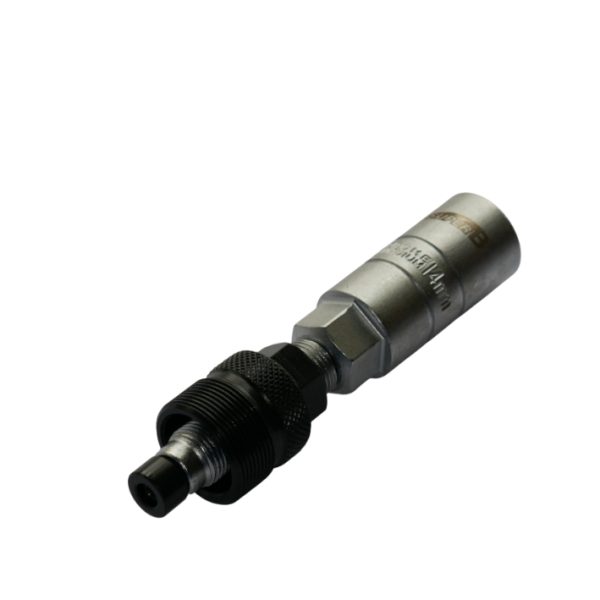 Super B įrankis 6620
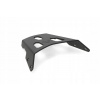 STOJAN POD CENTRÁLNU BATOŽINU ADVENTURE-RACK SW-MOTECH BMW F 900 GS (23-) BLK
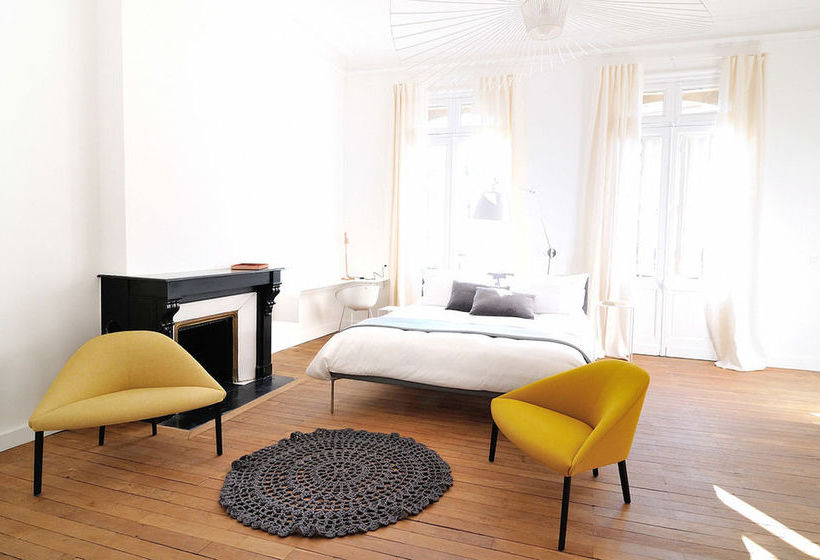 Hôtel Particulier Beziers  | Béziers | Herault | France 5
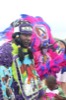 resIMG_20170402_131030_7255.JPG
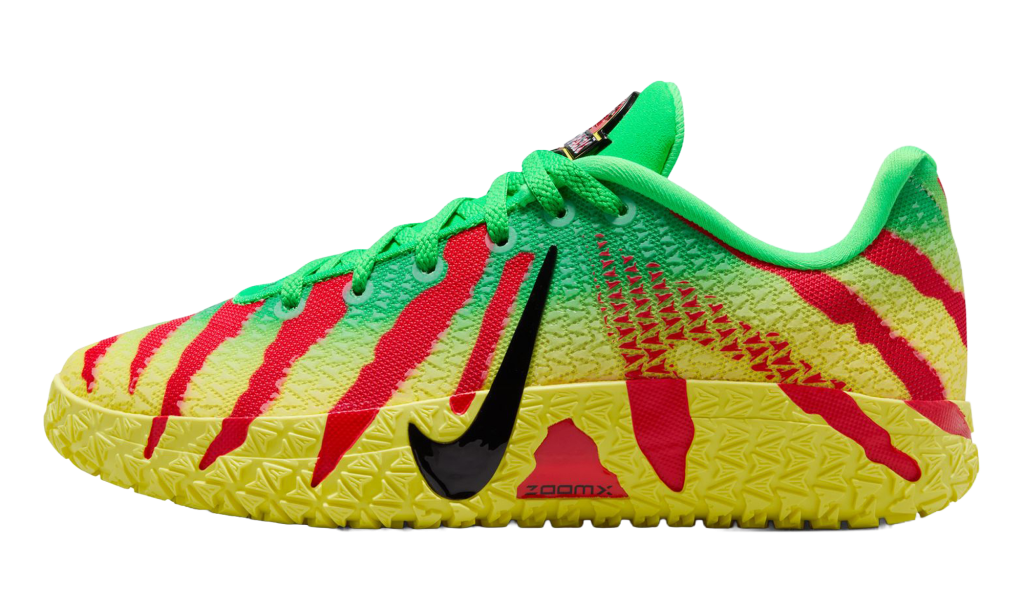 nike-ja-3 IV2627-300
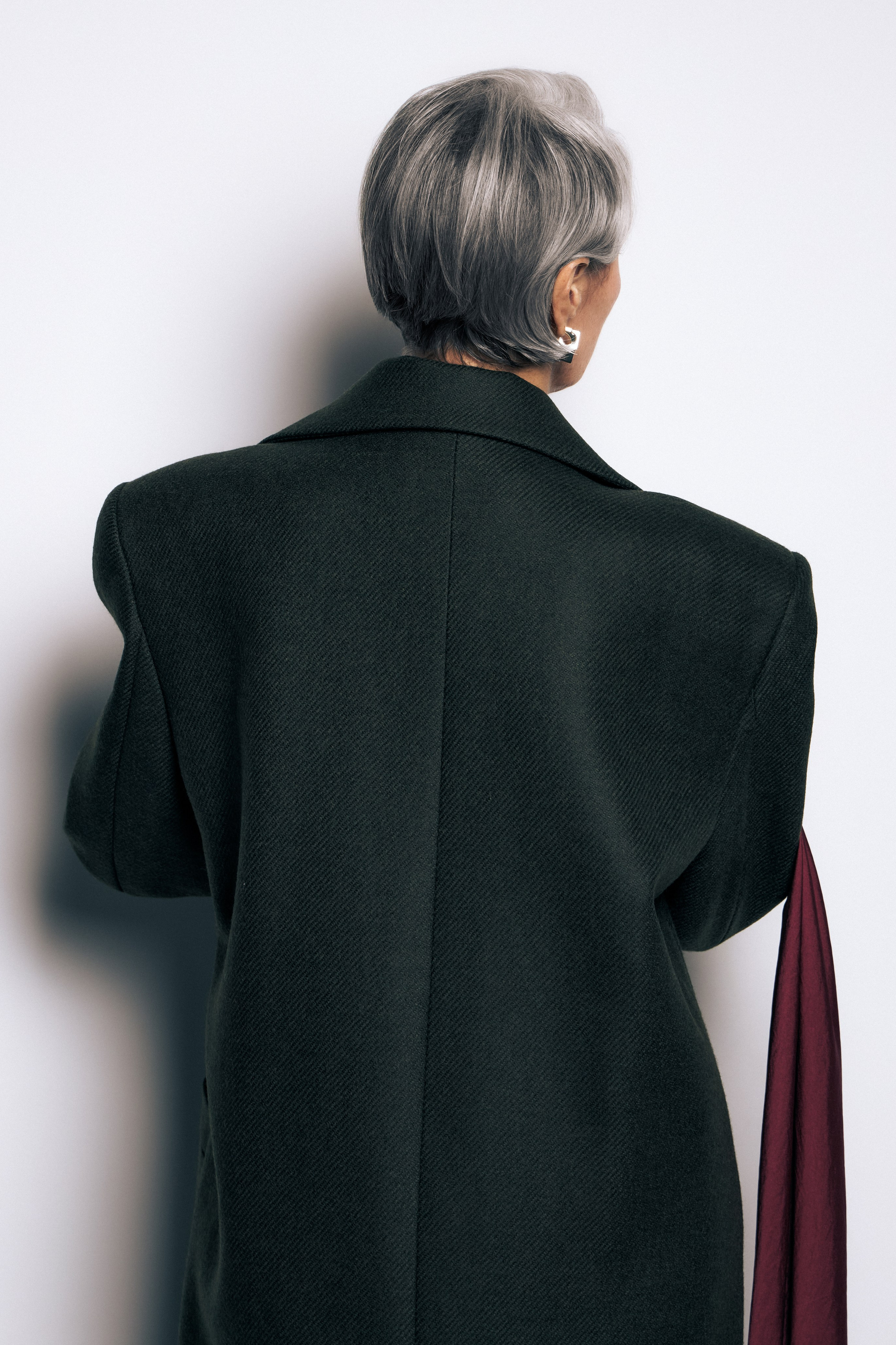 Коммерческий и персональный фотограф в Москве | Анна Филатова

+ + + +

## WHAT IS REQUIRED:
Leave the pictures out. Extract exactly the lines running from the one with "STOJAN POD CENTRÁLNU" through the last entry, both ends included.

## TASK OUTPUT:
 STOJAN POD CENTRÁLNU BATOŽINU ADVENTURE-RACK SW-MOTECH BMW F 900 GS (23-) BLK
 Hôtel Particulier Beziers  | Béziers | Herault | France 5
 resIMG_20170402_131030_7255.JPG
 nike-ja-3 IV2627-300
 Коммерческий и персональный фотограф в Москве | Анна Филатова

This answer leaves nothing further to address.